When you think about it, texting has become an extremely common form of written communication. Consequently, it has become a form of writing, whether we like it or not. Most of the time, I love texting. It helps me stay connected with my family while I’m away, I can stay updated on what my housemates are doing, and my day can get a little brighter with funny texts or gifs my friends send me. However, there is a time and place for texting. Quite frankly, we are unaware of the context in which texting does not suit communication. And it can end up really, really awkward.

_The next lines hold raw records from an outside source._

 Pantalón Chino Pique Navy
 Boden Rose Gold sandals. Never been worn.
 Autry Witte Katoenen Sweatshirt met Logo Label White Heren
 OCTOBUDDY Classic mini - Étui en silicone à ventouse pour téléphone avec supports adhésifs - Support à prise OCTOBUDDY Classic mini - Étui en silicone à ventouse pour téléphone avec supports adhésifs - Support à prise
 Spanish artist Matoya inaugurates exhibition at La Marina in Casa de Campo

A few days ago, I texted my friend (keep in mind, he is a new friend that I met over the summer) about him setting me up with one of his friends for an event later this week. However, because most of the time texts include “haha” or “lol” in order to keep the conversation light, I tried to keep my request funny and light by explaining that I’m probably too old (no longer an underclassmen) to get set up. However, things took a wrong turn when he mistakenly thought I was asking him to be my date. This misunderstanding caused our remaining texts in the conversation to be awkward and strained.
I don’t think this miscommunication via texting is uncommon. Plain and simple, written communication must be interpreted without body language or facial expression, and therefore can be misinterpreted a lot easier. So then why do we insist on texting about every little thing in our lives? Doesn’t that just cause more time wasted and strain on relationships? Of course, I am definitely a culprit of this problem. I text about things that should probably be communicated verbally rather than through writing.

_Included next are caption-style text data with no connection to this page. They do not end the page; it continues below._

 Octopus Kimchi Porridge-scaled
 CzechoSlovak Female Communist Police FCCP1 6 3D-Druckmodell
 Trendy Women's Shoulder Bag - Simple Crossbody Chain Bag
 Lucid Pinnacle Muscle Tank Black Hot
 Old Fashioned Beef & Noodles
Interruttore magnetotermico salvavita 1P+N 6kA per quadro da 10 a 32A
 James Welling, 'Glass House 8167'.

In my business communications class, we talk about how most of the time, there is a standard format to deliver news to people. However, this format changes when you must deliver bad news. So as communicators, why do we still insist on sharing bad news over a light-hearted text rather than giving the other person what they deserve: a meaningful, face-to-face conversation?
Like I said, I by no means am an exception to this travesty of millennial communication. But I think it’s something to keep in mind. Whether we consciously acknowledge it or not, texting is a form of writing that could and should be crafted carefully. Otherwise, you could end up in a very uncomfortable conversation that can be hard to transfer from writing through texting to verbal communication.